# [WORK ORDER]
Please restate word for word the lines of the entries below from the one with "9911 Oxted Ln, Spring, TX" to the one with "easter homemade hot", inclusive, and leave out every picture.

# [INFORMATION SHOWN]
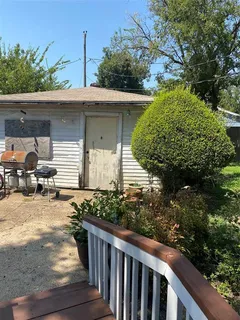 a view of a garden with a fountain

...

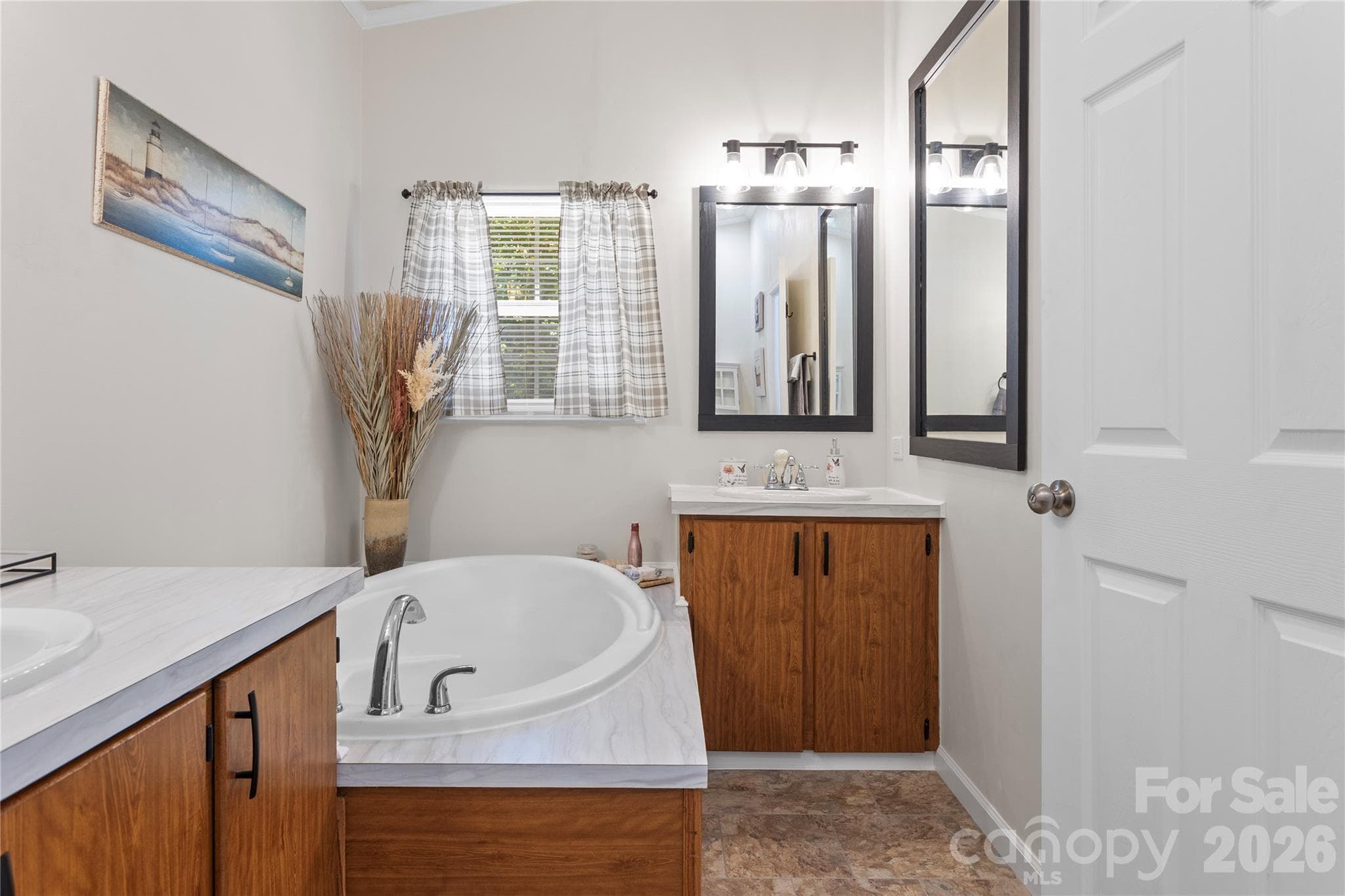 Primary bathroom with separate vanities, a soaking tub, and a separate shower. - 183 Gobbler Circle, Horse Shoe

---

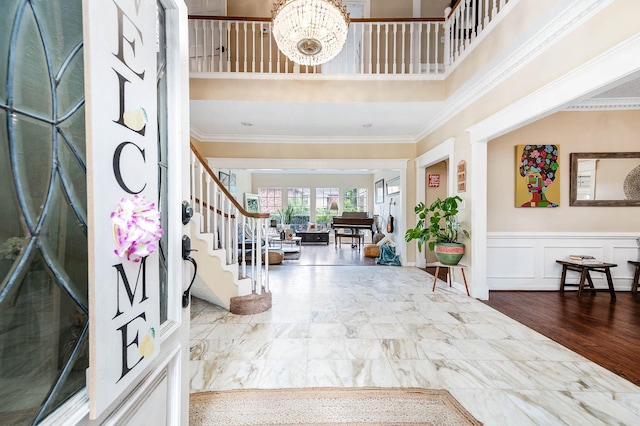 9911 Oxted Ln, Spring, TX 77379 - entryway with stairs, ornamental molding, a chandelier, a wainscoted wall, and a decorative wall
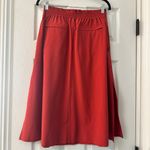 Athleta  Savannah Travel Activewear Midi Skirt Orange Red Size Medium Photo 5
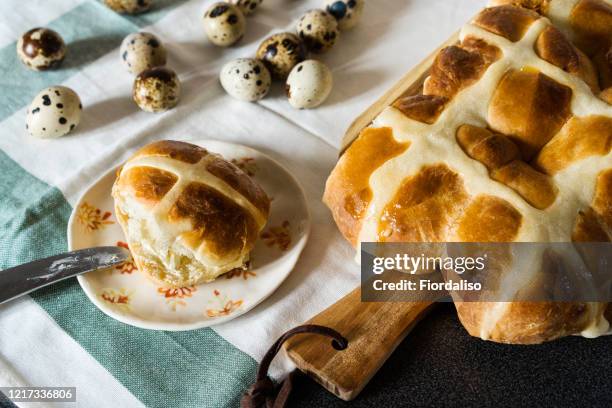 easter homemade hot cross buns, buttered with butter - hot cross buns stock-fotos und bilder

# [RESULT OF THE EXERCISE]
 9911 Oxted Ln, Spring, TX 77379 - entryway with stairs, ornamental molding, a chandelier, a wainscoted wall, and a decorative wall
 Athleta  Savannah Travel Activewear Midi Skirt Orange Red Size Medium Photo 5
 easter homemade hot cross buns, buttered with butter - hot cross buns stock-fotos und bilder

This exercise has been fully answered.